We sailed on Lanky boats built before the bleeding Titanic. IRWELL and ALT in my case. We sailed after World War II especially to Hamburg and Bremen in the early 1950s through unswept minefields.

Posted by Hamish on 06/01/2013

You are correct, we did run a bit of a risk on the old Lanky boats, the DON, AIRE, and BLYTH, in my case. Hamburg, Ghent, and Antwerp were the scary bits, circa 1949-1950 and a little later, but it was the loose ones that bothered me, one could meet them anywhere, and did!

Posted by Trevor on 05/12/2014

Hoping someone can help with some information. My great uncle Philip John Whale served on the YOKEFLEET. In 1941 he shot down a German plane off Norfolk and was later awarded the MBE. I'm trying to find out more information about the incident or anything else which would have resulted him in getting this medal. Many thanks!!

Posted by Yorkshire Pud on 04/09/2015

Goole can now be proud that the Zeppelin Memorial have been given listed status mostly through the hard work of the Goole Civic Society and Goole First World War Group.

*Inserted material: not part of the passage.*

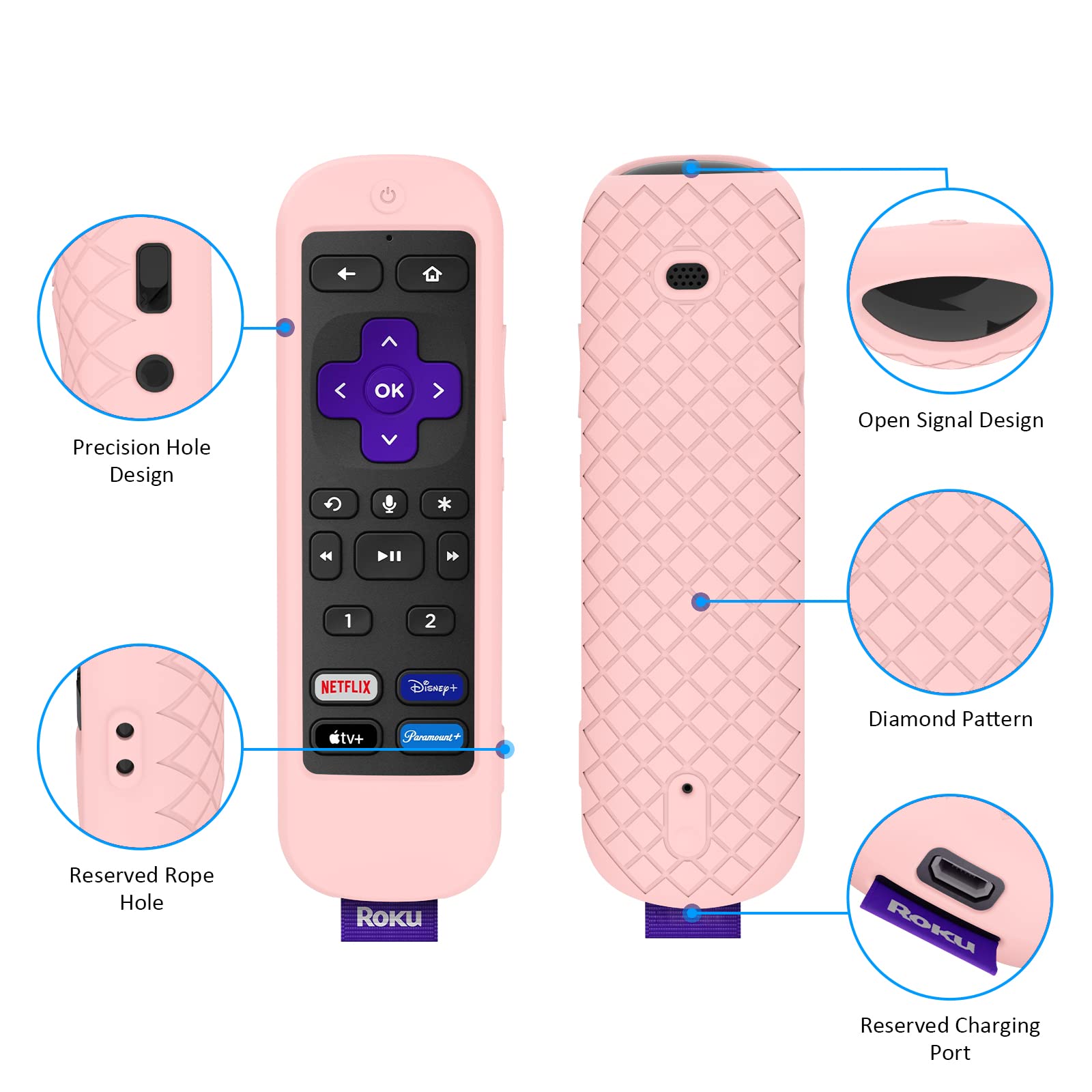 Rosa Schutzhülle Mit Band Für Roku Voice Remote – Offizieller Ersatz, Weich Und Stylisch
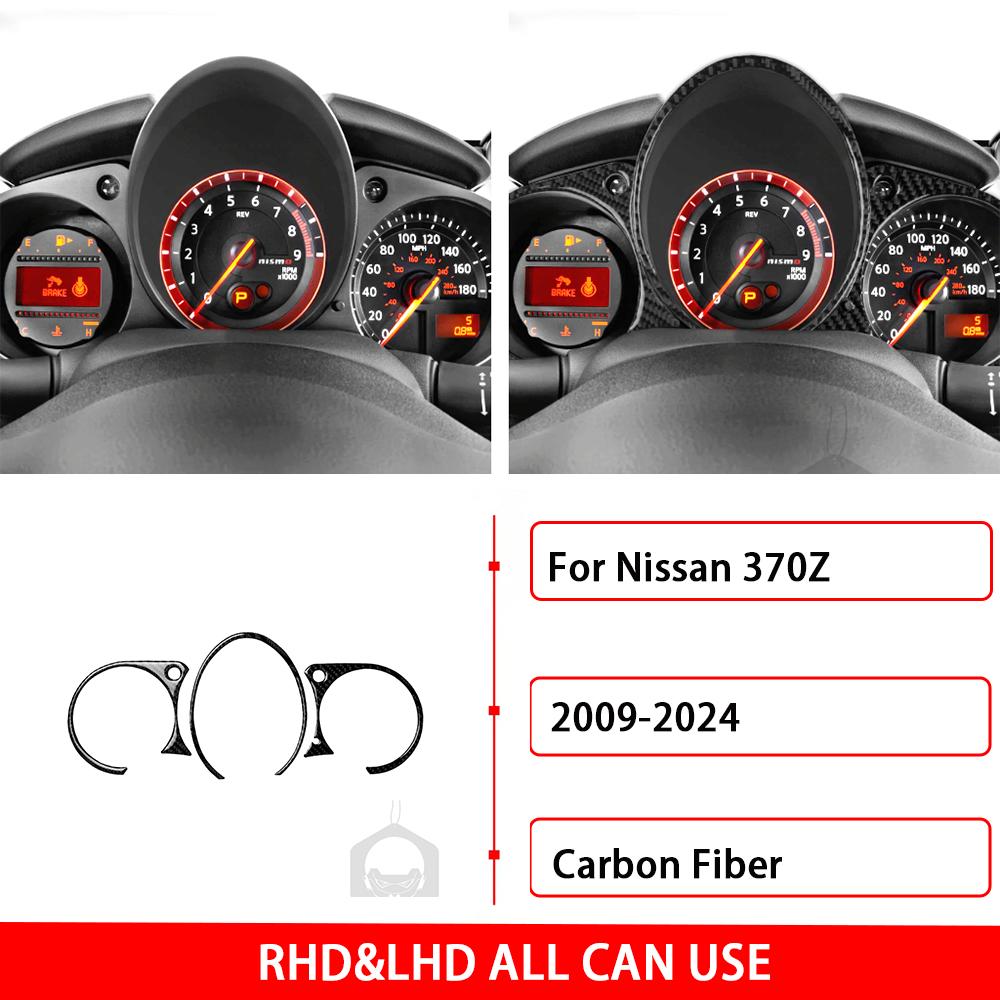 For Nissan 370Z 2009-2024 3pcs/set Carbon Fiber Car Dashboard trument Cluster Board Trim Dash Speed Panel Cover Frame Sticker Black Carbon Fiber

Posted by Corby on 30/09/2015

It is a little known fact of a small vessel built at Goole by Smith Bros. saw action at Dunkirk. When new the MY THURNE was moored at Teddington Lock when its owner a Dr Schofield, metallurgist decided to go to Dunkirk. Waiving all suggestions of a naval crew, he went alone. After six successful trips between shore and ships which stood off in deep water, his prize possession was lost. He escaped but later died from a heart attack.

I have many books with records of the "little boats", even one printed by the RNLI, yet nowhere can I find a mention of this!